PROBLEM REQUIREMENTS
Copy out the lines beginning at the one with "CT license plate AB93111" and ending at the last line of the data, both included; pictures stay out.

ENTRIES SHOWN
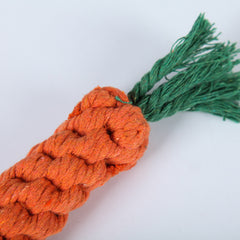 Tough Carrot Rope Toy for Dogs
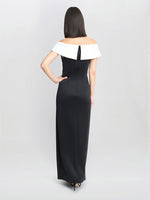 Sadie Off The Shoulder Maxi Dress With Trim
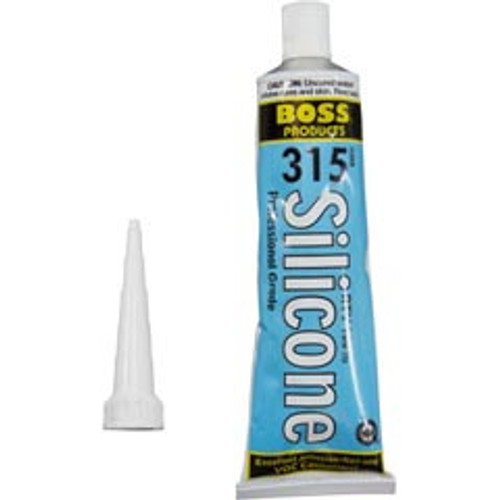 Accumetric Boss Silicone, Boss RTV Sealant, Clear | 142162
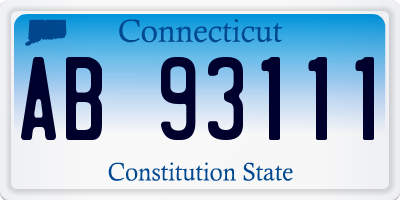 CT license plate AB93111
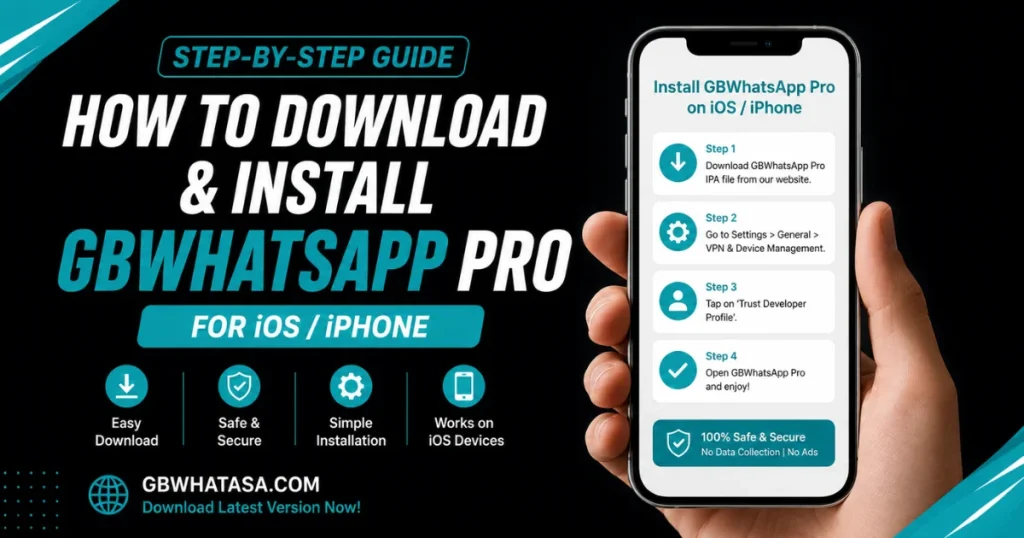 How to Download & Install GB WhatsApp Pro 2026 for iOS iPhone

ANSWER TO THE PROBLEM
 CT license plate AB93111
 How to Download & Install GB WhatsApp Pro 2026 for iOS iPhone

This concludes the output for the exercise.